In den Schlussabstimmungen nahm der Nationalrat die BVG 21-Reform mit 113 zu 69 Stimmen (bei 15 Enthaltungen) und der Ständerat mit 29 zu 8 Stimmen (bei 5 Enthaltungen) an. Die ablehnende Position von SP- und Grünen-Fraktionen wurde im Nationalrat abschliessend auch von drei Mitgliedern der SVP- und einem Mitglied der Mitte-Fraktion unterstützt.

Die Medien diskutierten gegen Ende der Debatte zur Reform insbesondere über deren Chancen in einer zu erwartenden Referendumsabstimmung. In der Zwischenzeit hatten neben den links-grünen Parteien und den Gewerkschaften, die schon im Laufe der Beratung mehrfach mit dem fakultativen Referendum gedroht hatten, auch der Bauernverband und GastroSuisse Kritik an der Revision geäussert. Während die linken Kreise insbesondere die höheren Einzahlungen für tiefere Renten, die weiterhin zu tiefen Frauenrenten und die zu hohen Verwaltungsgebühren kritisierten, ging die Reform den gewerblichen Kreisen zu weit. Sie befürchteten zu hohe Kosten für die Unternehmen.

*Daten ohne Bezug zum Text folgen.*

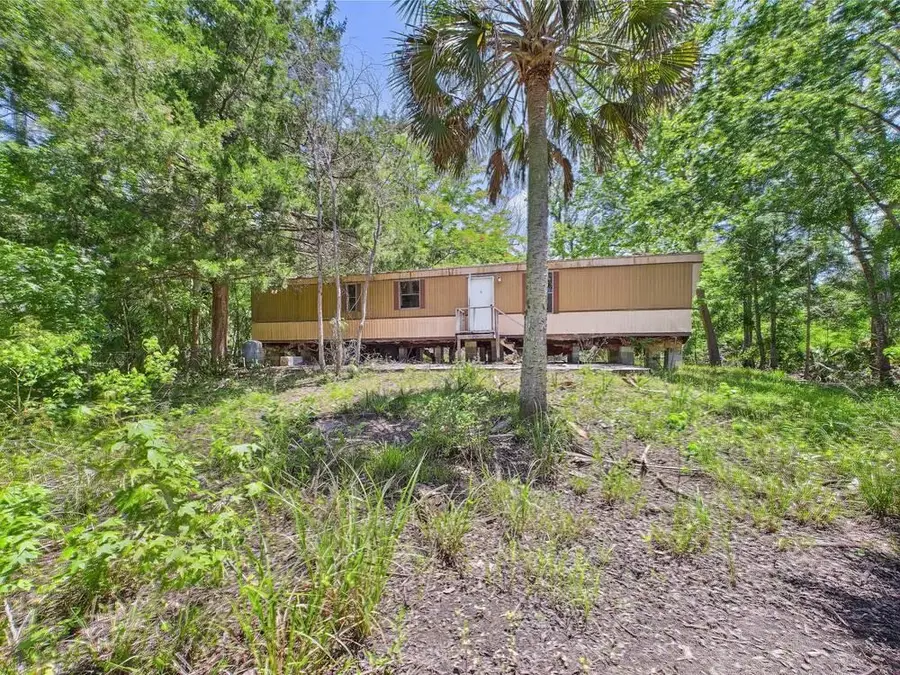 23210 Nutall Rise Road, Lamont, FL 32336 - #3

Dossier: Koordinationsabzug und Eintrittsschwelle BVG

Am 21. Juli 2023 bestätigte die Bundeskanzlei das Zustandekommen des fakultativen Referendums gegen die Pensionskassenreform BVG 21. Das Komitee «BVG-Referendum» hatte Ende Juni gemäss eigenen Aussagen und medial viel beachtet über 141'000 Unterschriften eingereicht, von denen aber wohl ein Teil nicht beglaubigt war. So gab die Bundeskanzlei bekannt, dass 77'932 (beglaubigte) Unterschriften gegen die Reform eingereicht worden seien, von denen 77'732 gültig waren. Somit werden die Stimmbürgerinnen und Stimmbürger im Jahr 2024 abschliessend über die Reform entscheiden.